マンガ 線形代数入門
鍵本聡原作、北垣絵美漫画
ブルーバックス
「行列」の予習・復習にどうぞ
マンガで線形代数を教えようという試みの本。
線形代数とは何かすらそもそも知らなかったんだが、どうやら昔高校で習った「行列」のことをいうらしい。なんでも今は高校の履修課程で「行列」をやることがないらしく、そうすると大学で数学をやる人々はいきなり高度な線形代数に取り組まなければならなくなるため大変だという、著者によると。そのために、かつて高校でやっていた程度の線形代数を簡単に教える方法は無いかということでこのマンガができたという。

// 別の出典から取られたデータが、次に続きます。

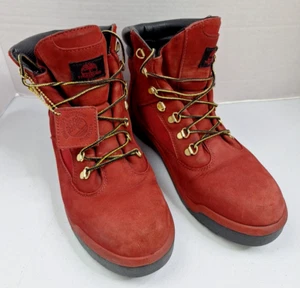TIMBERLAND Hombres Talla 9 Impermeables Senderismo Botas de Trabajo Punta Suave Rojo Gamuza Aislado - Imagen 1 de 21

線形代数=行列というのも意外だが、高校で今「行列」を教えていないというのも意外で、教科の内容がこれほど劇的に変わることがあるなんて知らなかった(特に数学の場合)。もっとも「行列」についてはすっかり忘れていたし、高校でどういう内容のことをやったかもまったく憶えていないくらいなんで、元々高校数学ではあまり重視されていなかったのかも知れない。
さてその行列なんだが、この本では単位行列や逆行列、それから行列式などが比較的簡単に理解できるようになっている。ここらあたりはそれほど無理がないが、その後、一次変換が出てくると雲行きが怪しくなり、「固有値と固有ベクトル」の項でハミルトン・ケーリーの定理が出て来た日には、面白さはわかるがなんだか茫洋として「わかった」感はなくなる。最終的には3×3行列まで紹介されるんだが、このあたりはもう見て楽しむというレベルである。全体的に「わかった」という実感はないが、線形代数のイロハはわかるという程度である。著者もその辺を狙っているようで、一応狙いは成功しているんじゃないかと思う。
作画はプリミティブで、マンガの展開もとりたててどうということはなく(当然)学習マンガの範疇を出ない。いかにもブルーバックスというような本ではあるが、これはこれで結構ではないでしょうか。